There are several key steps to follow…

  • Think mobile – the first step is to think mobile: you have to put mobile front and centre of your online business, optimising what you have for the channel. The crucial part of your app strategy will be to deliver an excellent, even exceptional, customer experience, so you have to know what you are doing. This isn’t a bolt-on, this is to all intents and purposes the keystone of your online strategy.
  • What do you want it to do – once you have taken that leap into apps, the next step is easy; what do you want your app to do? Map out what you think your app is for and how you want to deliver that. Refine it constantly to give the best user journey (with the minimal amount of clicking and scrolling). Think graphically, so the user is led by images – images that you can expand easily and that give real detail – but also give them easy access to text should they want it.
  • What do your customers want it to do – while you have the vision as to what you want your app to achieve, it is imperative to find out what your customers want from any app that you offer.

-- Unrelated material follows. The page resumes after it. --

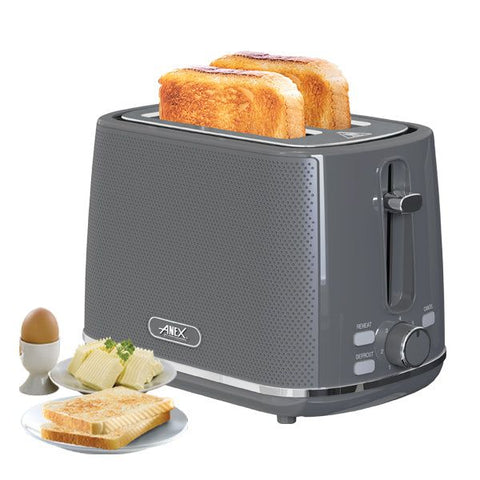 Anex AG-3004 Toaster — front view | Anex AG-3004 Deluxe 2 Slice Toaster | ShandaarBuy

This process starts by analysing where they already are in terms of online and mobile shopping on your site and what the pain points may be. From this you can work out what they do and how you can make this better. With that in mind, then you need to go out and ask a random sample, especially those that regularly shop with you, what they are looking to achieve, how you can make that better and what they like about other apps they use.
  • Easy checkout – making it easy to find things and browse them is part one of the process; letting shoppers actually purchase is key. Making the checkout process as easy as you can is vital. One of the reasons Amazon’s app is so popular is that you can buy with one click. Your app needs to be similar. Get users to pre-register and add a payment tool – even just PayPal can make it work – and so they get to see just how simple it is to use.

Getting your app found

As already stated, the retail apps market is crowded and competitive. There is also the issue that you are also going to be competing with Amazon, eBay and Google for the same mobile customers. There is a whole other article in how to do this, but the gist lies in the following…

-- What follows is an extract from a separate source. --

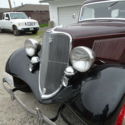 1933 maroon Ford 3 w coupe thumbnail
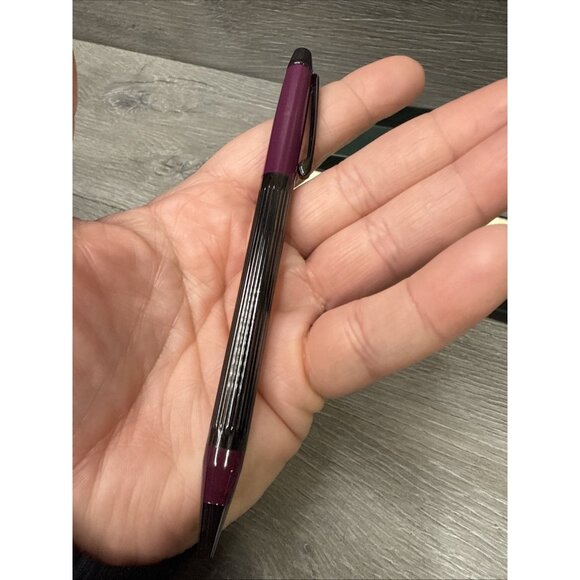 #312-6 BRAND NEW VINTAGE (1996) CROSS METROPOLIS PLUM/BLACK BALLPOINT PEN USA - Picture 7 of 9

  • App store optimisation – like SEO, ASO is vital to anyone finding your app via the app stores. To do this you need:
  • A unique name for your app, ideally your brand
  • A set of relevant keywords
  • Good screen shots
  • Put it in the right categories on the app stores
  • Give a detailed description
  • Pay to appear – You can also run paid campaigns to rewards app installs. This pushes you app up the charts and so you appear more prominently. However, this is a very expensive option and may not be worth it unless you are a huge, global mega brand.
  • Use bloggers and influencers – Another tack is to look at how to get bloggers and influencers in the areas of retail that you operate in to push your app to their base. This again requires payment, but can give reach and trusted advocacy at a much lower cost than paying apps stores. This should then drive up downloads which in turn helps you rise up the charts.
  • Third-party advertising – You can also look at how to promote your app across a range of other sites, not least Facebook, Twitter, Amazon apps store, Samsung apps store and a range of other less well-known places.


Apps are increasingly vital in the new digital economy and if you don’t have one or aren’t leveraging it as well as you should now is the time to act. It isn’t cheap and it isn’t easy, but the results and rewards can be huge.